Despite public concerns about youth crime, particularly in schools, research has shown that policies based on incapacitation theory have failed utterly to affect crime rates. In fact, while youth crime rates have fallen significantly over the last 30 years, they have continued to plummet despite recent trends towards community-based alternatives (e.g., the ‘Missouri Model’). The evidence suggests that not only do punitive disciplinary approaches often fail they are also unnecessary. It is particularly troubling, then, to consider the police presence and draconian disciplinary measures that have increasingly found their way into America’s schools.
Schools typically have rules forbidding mobile phone use, profanity and the like. Taken at face value, these rules seem sensible and necessary to ensure order. However, when combined with broad zero-tolerance policies that often mandate inordinately harsh punishments like suspension or even expulsion from school for trivial infractions, breaking such rules can have dire consequences.
For example, a student suspended from classes for several weeks as a result of disruptive behavior may have significant trouble completing missed coursework upon returning to school.

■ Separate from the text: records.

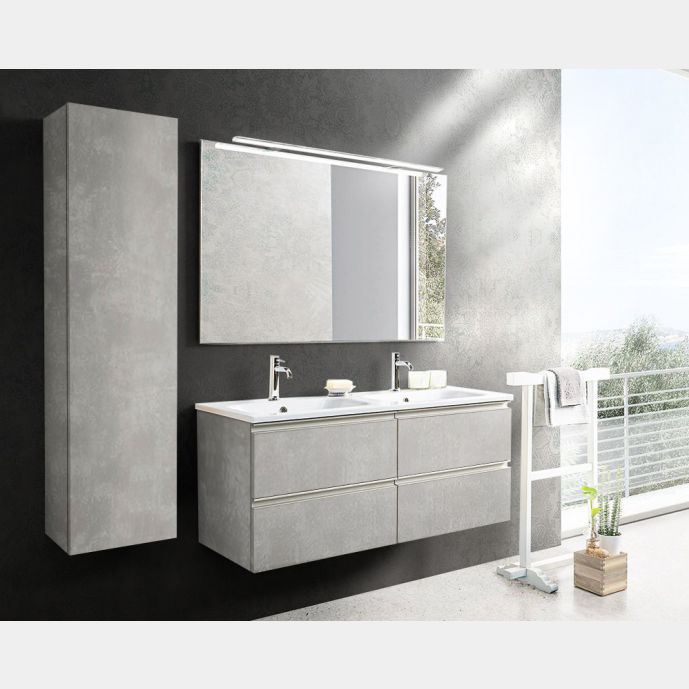 Arredo bagno completo, mobile con con lavabo integrato e 4 cassetti, Havasu 16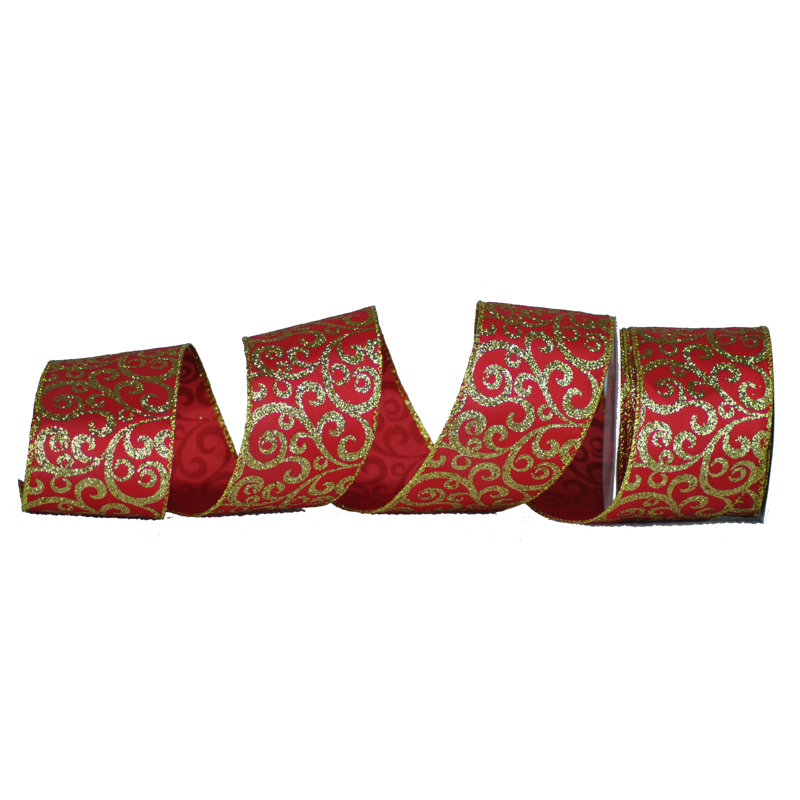 Ruban en tissu 2,5 po, Rouge / doré
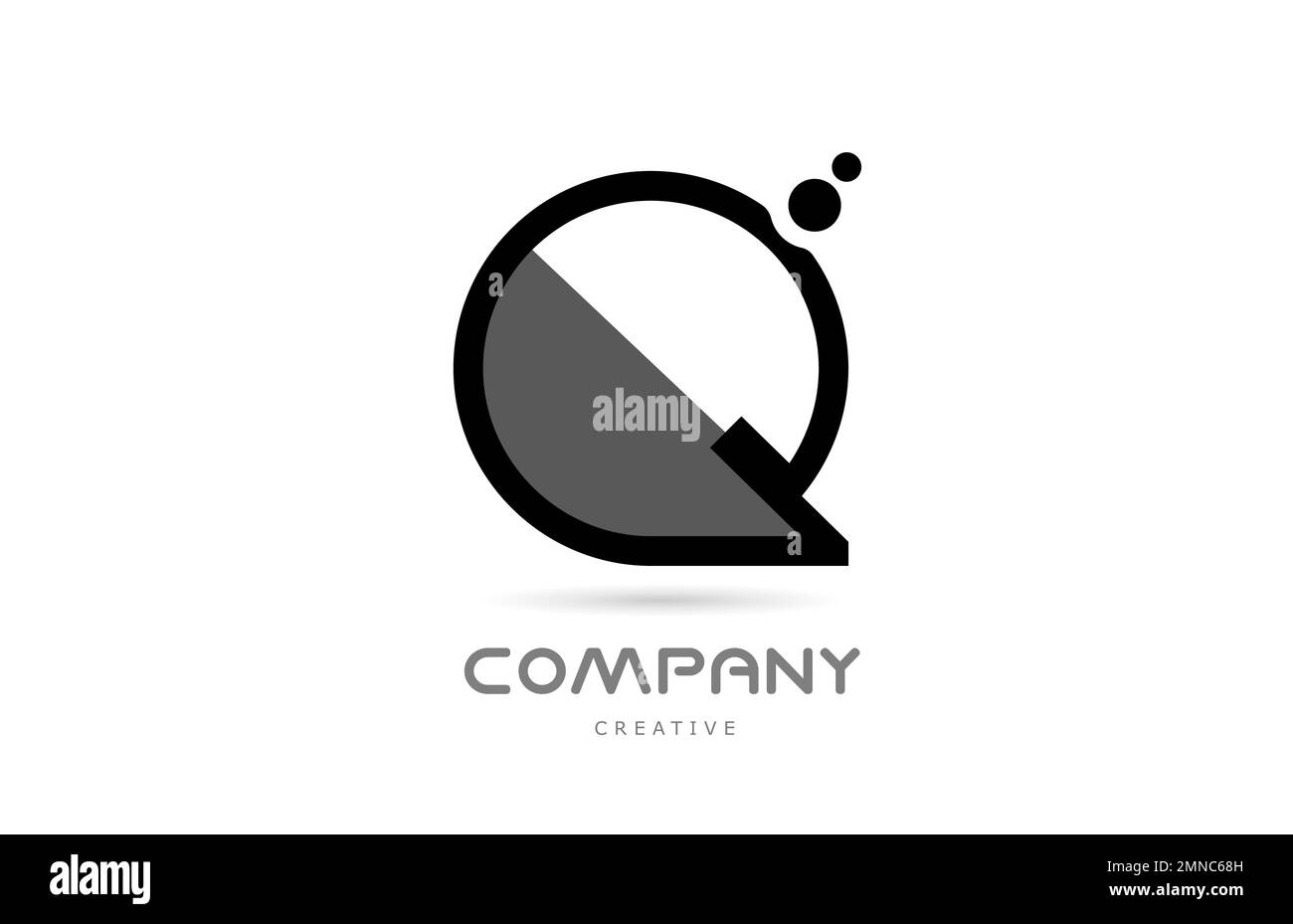 Q icona del logo con lettera geometrica in alfabeto bianco nero con punti. Modello creativo per l'azienda Illustrazione Vettoriale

Additionally, the youth may well be unsupervised during their suspension. Here, the possibility of gang involvement or exposure to other negative influences can be significant. Youth of color and/or lower socioeconomic status are at particularly high risk in this respect.
Critically, there is often little investigation of causal factors behind students’ “aberrant” behaviors. Many youth act out as a response to previous trauma — sometimes within their families — or as a result of undiagnosed learning disabilities. In such instances, sending them home and keeping them from their studies for weeks at a time seems entirely counterproductive, aggravating rather than mitigating the problems at hand.
Even more disturbing, children are now sometimes subjected to arrest, physical restraint, and even the use of tear gas and pepper spray by police officers and security guards in schools. Media and researchers have identified these trends and the related school-to-prison pipeline, in which troubled and disadvantaged youth are singled out and schooled for a future in prison rather than university or the trades. Actions once viewed as minor transgressions—normal, if annoying, examples of adolescent socialization—have now been criminalized.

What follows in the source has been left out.